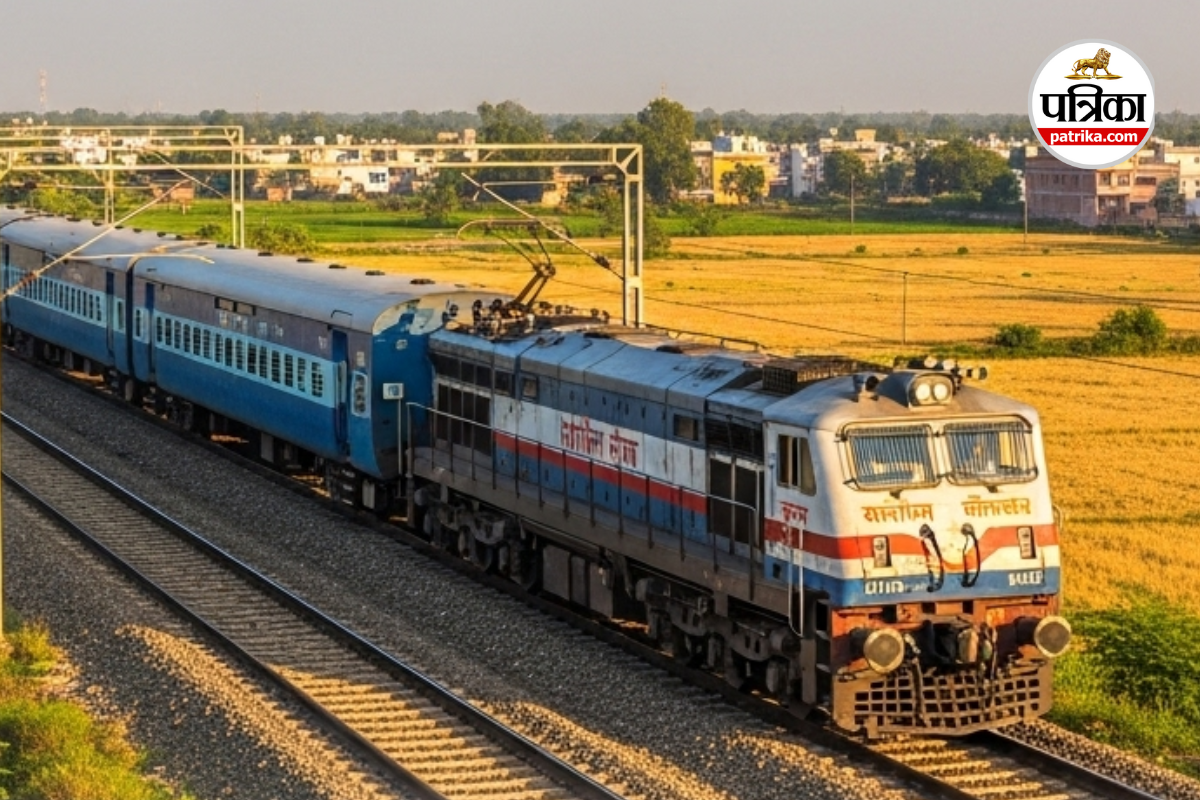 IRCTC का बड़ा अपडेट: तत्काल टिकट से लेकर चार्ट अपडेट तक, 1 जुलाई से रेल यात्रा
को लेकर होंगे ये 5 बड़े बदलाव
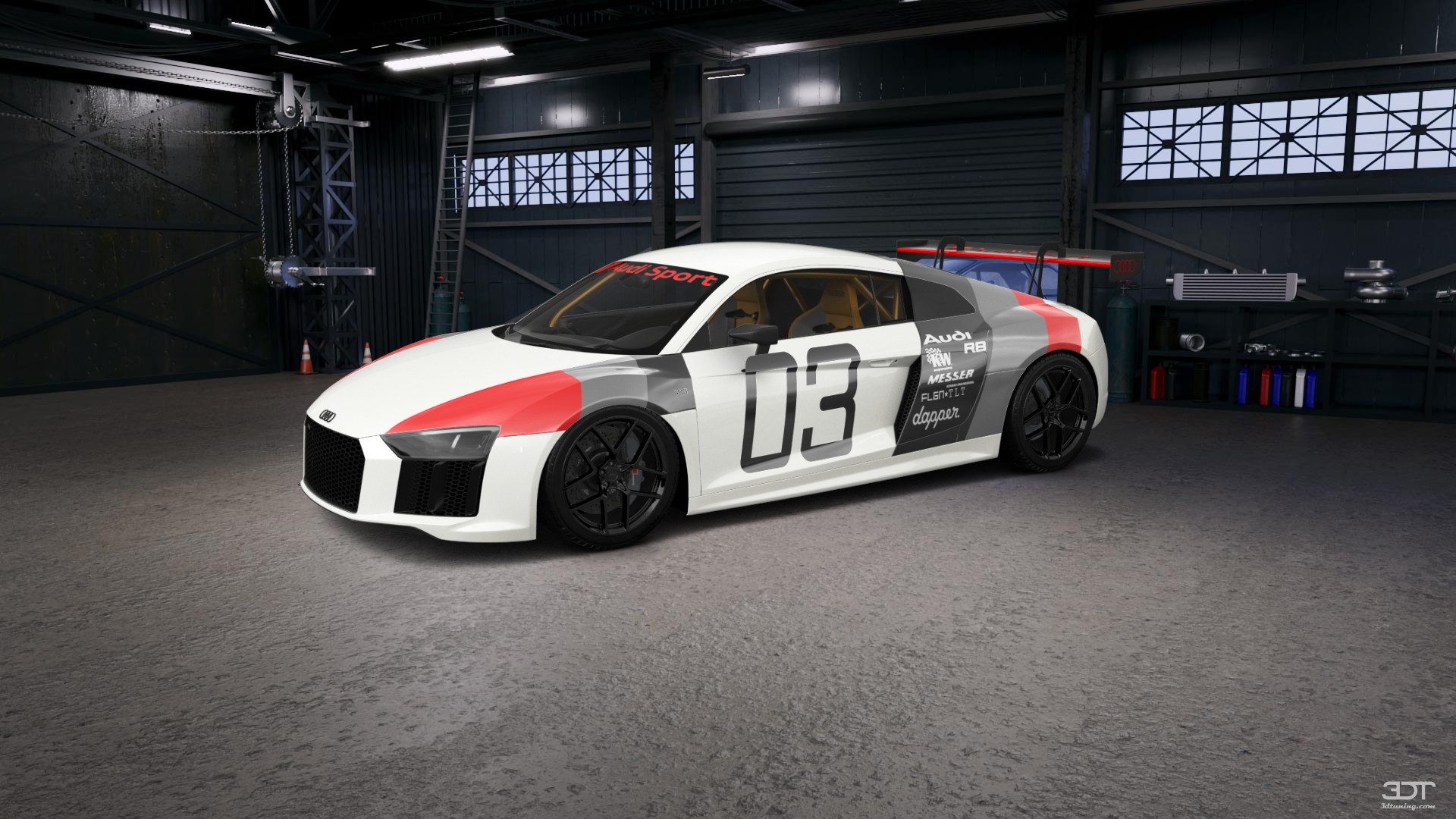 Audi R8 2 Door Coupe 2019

○ ○ ○ ○ ○ ○ ○

Problem requirements
Once the pictures are set aside, output the whole listing exactly.

Response
 IRCTC का बड़ा अपडेट: तत्काल टिकट से लेकर चार्ट अपडेट तक, 1 जुलाई से रेल यात्रा
को लेकर होंगे ये 5 बड़े बदलाव
 Audi R8 2 Door Coupe 2019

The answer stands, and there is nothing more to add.